What is needed
Every line between the one containing "Kobieta z zasłoniętą" and the last line of the data, both included, is to be set down exactly, and pictures are to be omitted.

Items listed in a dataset
___

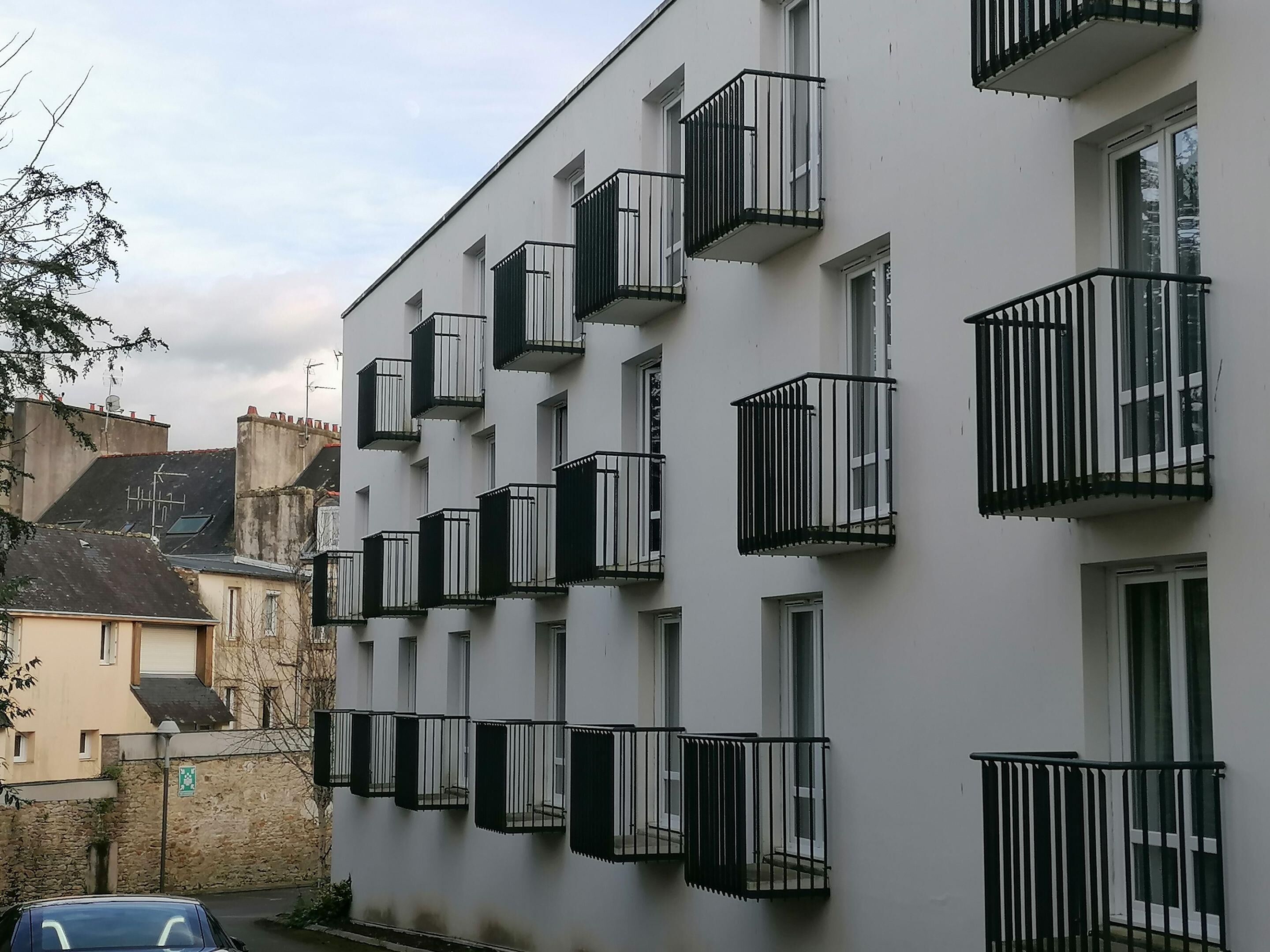 A multi-story building with balconies and windows.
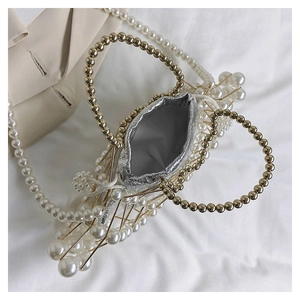 Close-up of pearl bead bucket bag featuring hollow birdcage design and golden handle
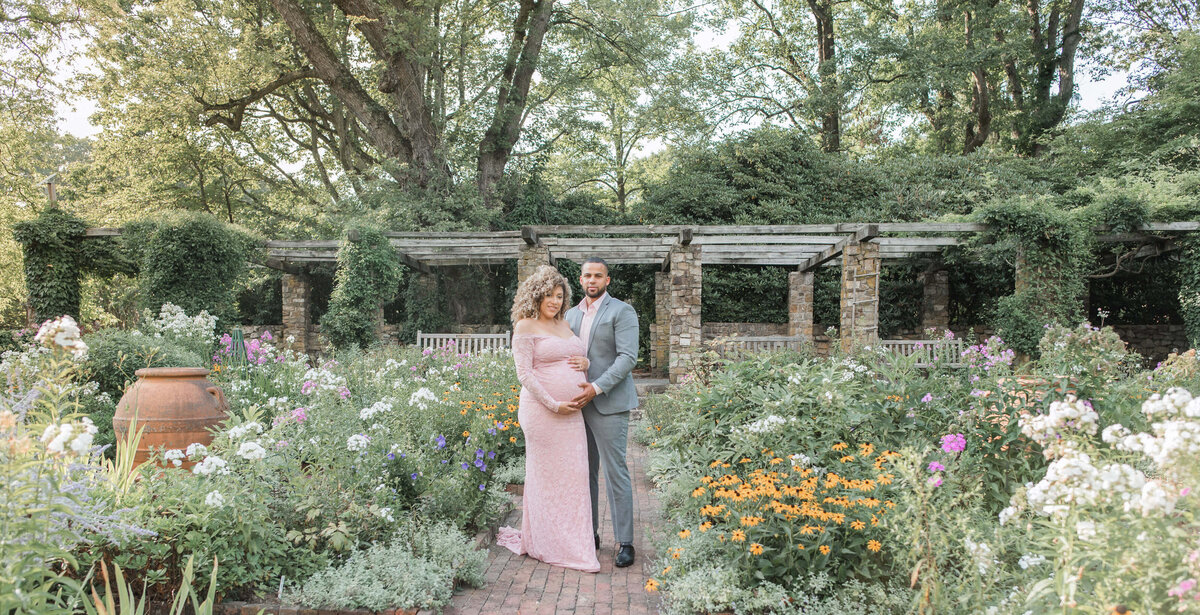 maternity photo in a garden, mom and dad standing betweens beautiful greenery scenery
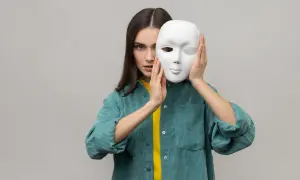 Kobieta z zasłoniętą twarzą białą maską, sugerująca test osobowości paranoicznej.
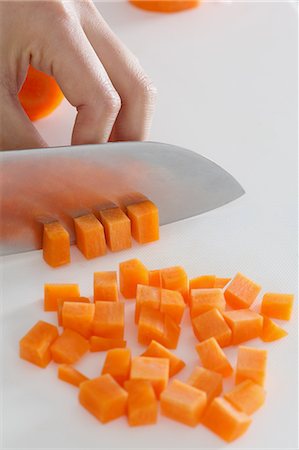Close up of woman's hands slicing carrots with a kitchen knife Stock Photo - Premium Royalty-Free, Code: 622-08138921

___

Answer space
 Kobieta z zasłoniętą twarzą białą maską, sugerująca test osobowości paranoicznej.
Close up of woman's hands slicing carrots with a kitchen knife Stock Photo - Premium Royalty-Free, Code: 622-08138921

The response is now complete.